--- Entries supplied ---

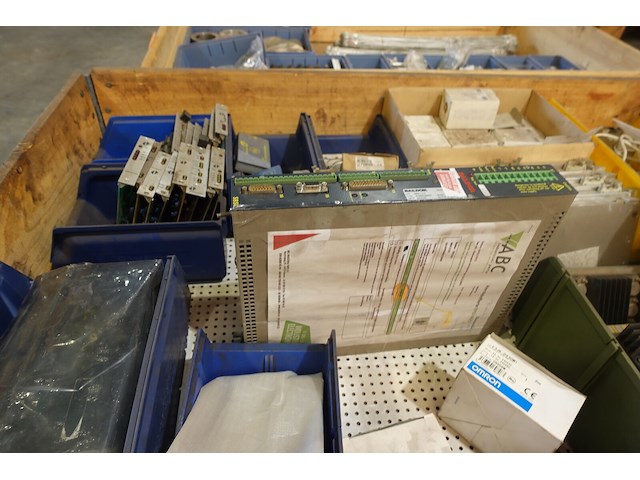 2x pallet wisselstukken voor weefmachines - afbeelding 19 van  37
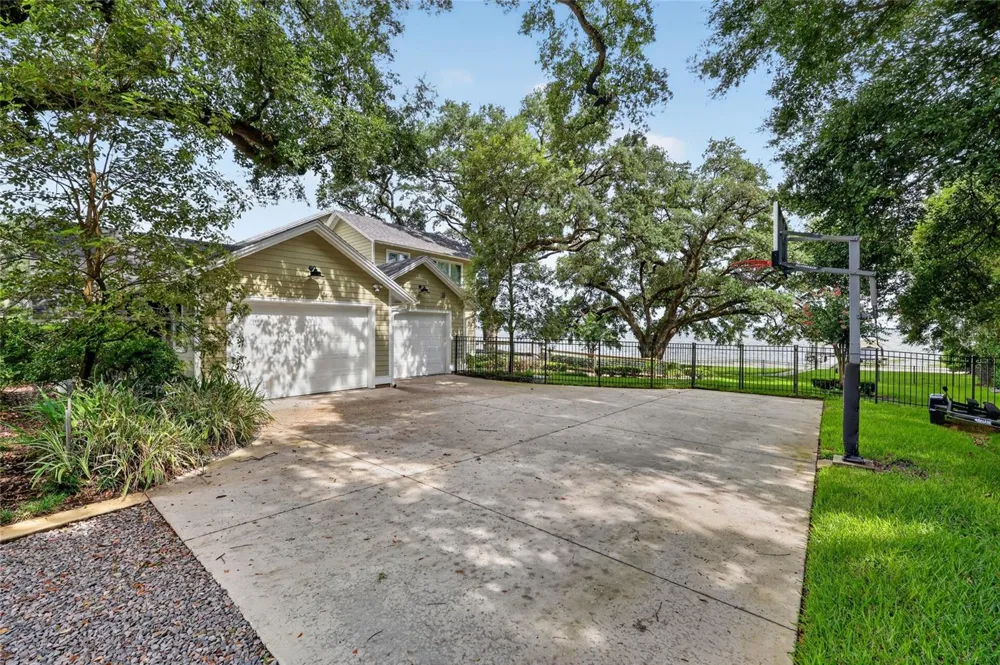 12950 E HIGHWAY 25 Ocklawaha, FL 32179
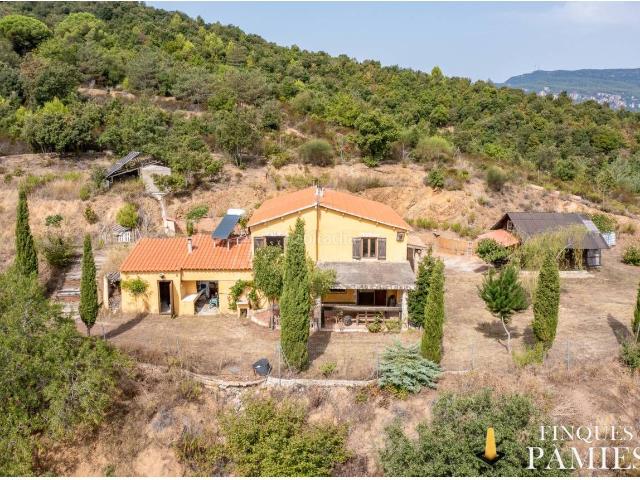 Masía en venta en Selva del Camp La. Masía con licencia turística en plena naturaleza!. Masías Selva del Camp.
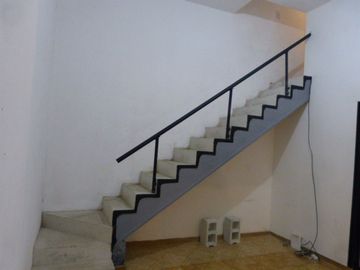 VENTA AMPLIO PH 4 AMB., SIN EXP. C/TERRAZA, FLORES
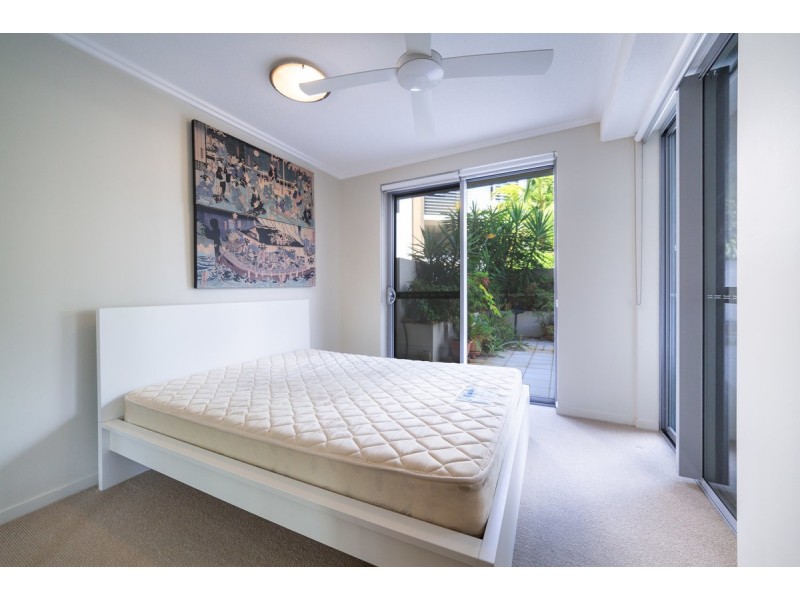 8/154 Musgrave Avenue, Southport QLD 4215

---

About this task — Restate word for word the lines from the line with "12950 E HIGHWAY 25 Ocklawaha, FL 32179" to the last line of the records above, inclusive, and omit every picture.

Your solution —
 12950 E HIGHWAY 25 Ocklawaha, FL 32179
 Masía en venta en Selva del Camp La. Masía con licencia turística en plena naturaleza!. Masías Selva del Camp.
 VENTA AMPLIO PH 4 AMB., SIN EXP. C/TERRAZA, FLORES
 8/154 Musgrave Avenue, Southport QLD 4215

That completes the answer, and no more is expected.